(Required work): Your answer must be a word-for-word copy of the listing below, minus its pictures.

(Information supplied):
◇ ◇ ◇

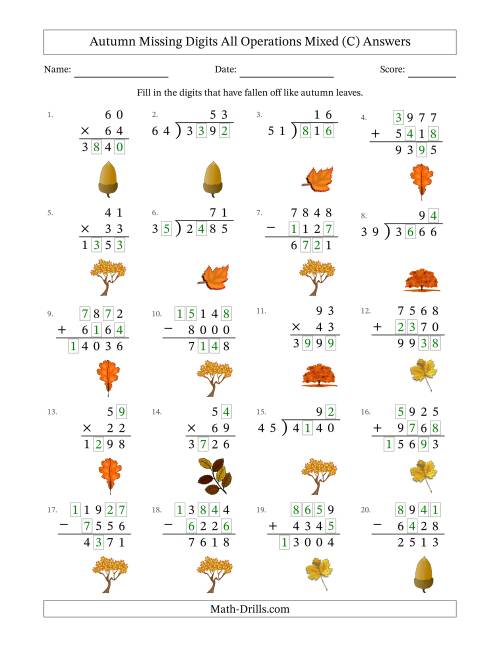 The Autumn Missing Digits All Operations Mixed (Harder Version) (C) Math Worksheet Page 2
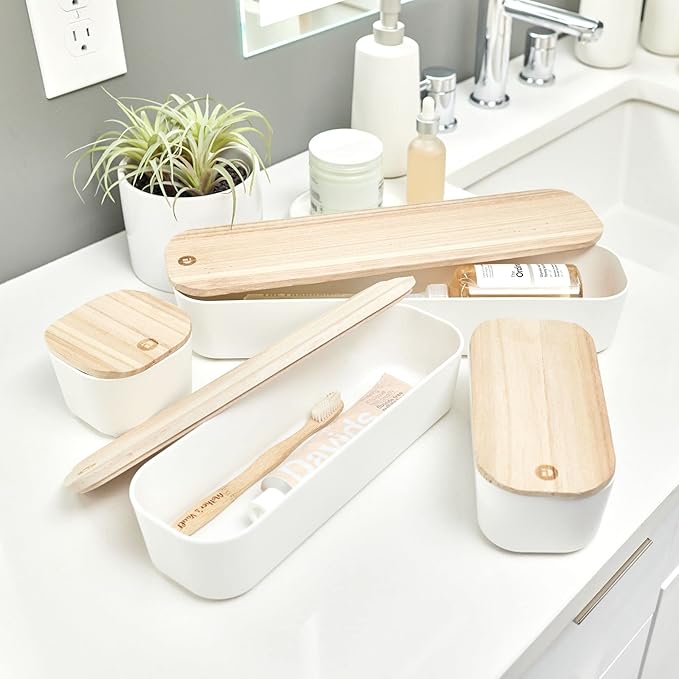 iDesign Recycled Plastic Storage Compact Drawer Organizer Bin with Paulownia Wood Lid, 3.6" x 14.4" x 2.4", Coconut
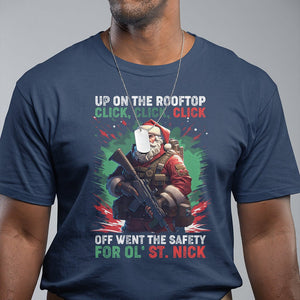 Christmas T Shirt Up On The Rooftop Click Click Click Santa Patriotic TS09 Navy Printyourwear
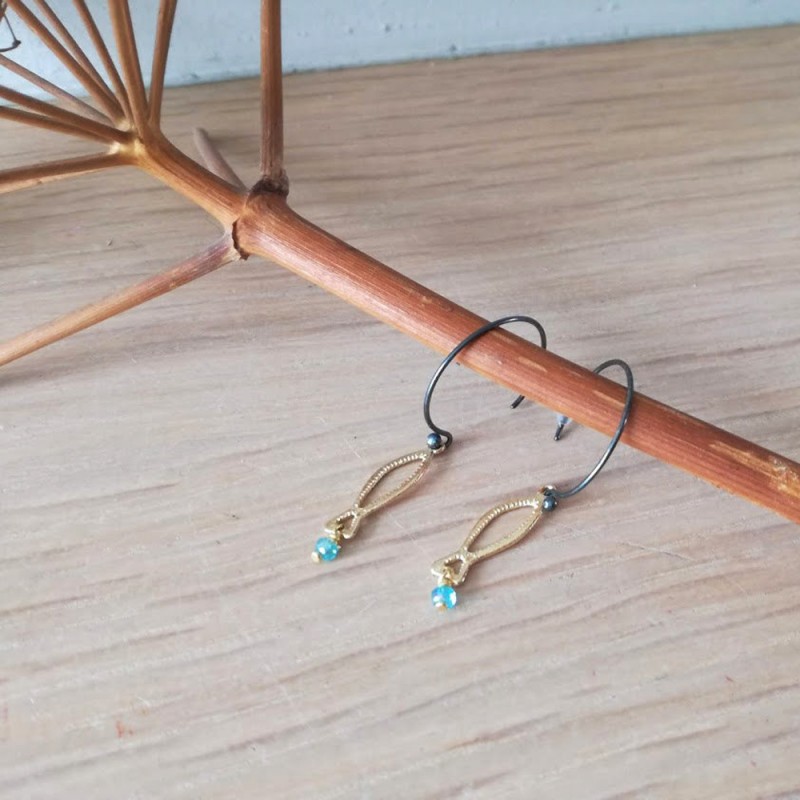 Gold fish earrings, sterling silver gold plated fish on black, sterling hoops, quirky fishy earrings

◇ ◇ ◇

(Result of the task):
 The Autumn Missing Digits All Operations Mixed (Harder Version) (C) Math Worksheet Page 2
 iDesign Recycled Plastic Storage Compact Drawer Organizer Bin with Paulownia Wood Lid, 3.6" x 14.4" x 2.4", Coconut
 Christmas T Shirt Up On The Rooftop Click Click Click Santa Patriotic TS09 Navy Printyourwear
 Gold fish earrings, sterling silver gold plated fish on black, sterling hoops, quirky fishy earrings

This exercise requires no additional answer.